*EXERCISE GOAL:* The line with "crayfish 11393038" marks where to begin; print it and all lines after it in the material below exactly, skipping pictures.

*SOURCE MATERIAL:*
* * * * * * * * *

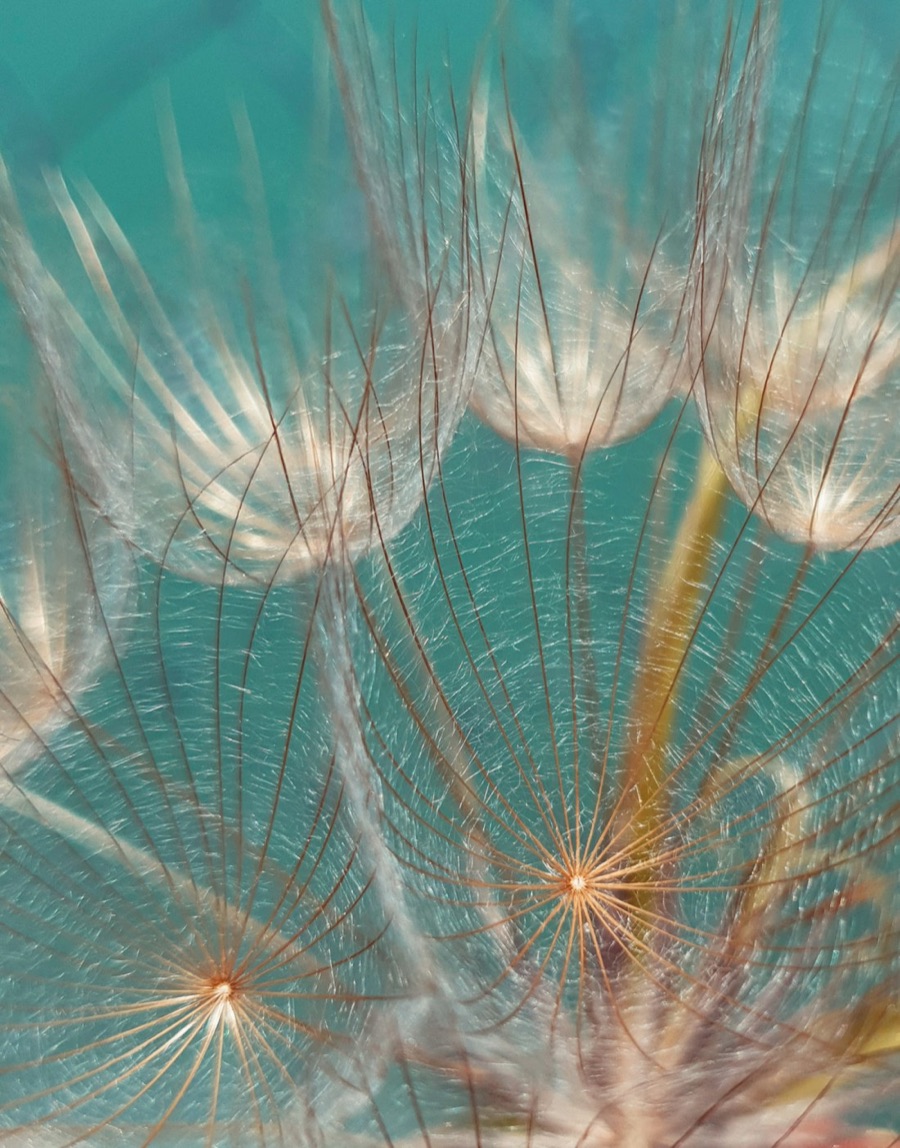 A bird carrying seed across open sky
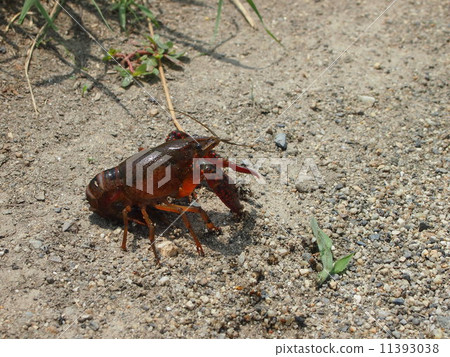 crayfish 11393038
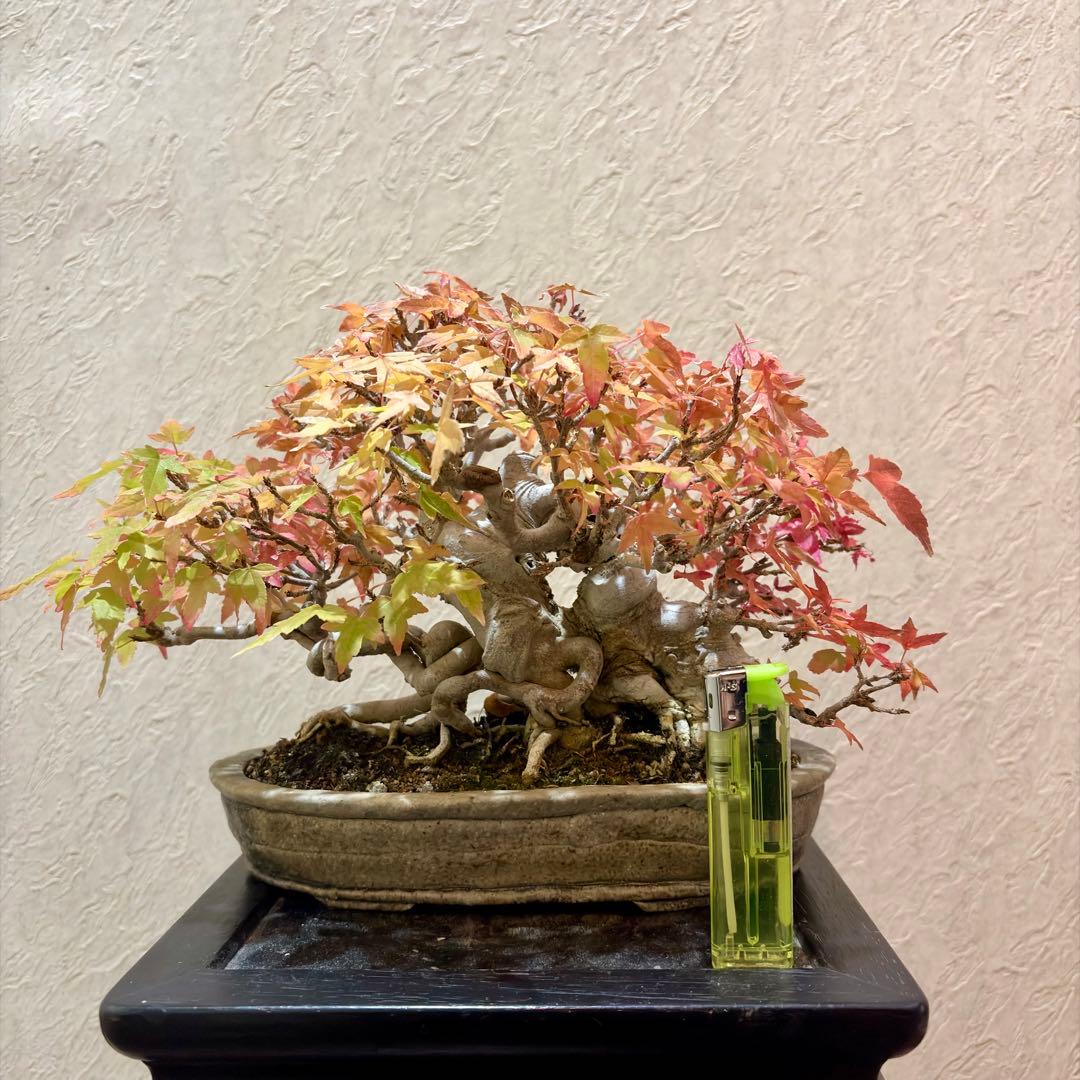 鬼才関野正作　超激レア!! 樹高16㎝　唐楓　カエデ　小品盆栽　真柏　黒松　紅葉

* * * * * * * * *

*RESPONSE FOR THIS EXERCISE:*
 crayfish 11393038
 鬼才関野正作　超激レア!! 樹高16㎝　唐楓　カエデ　小品盆栽　真柏　黒松　紅葉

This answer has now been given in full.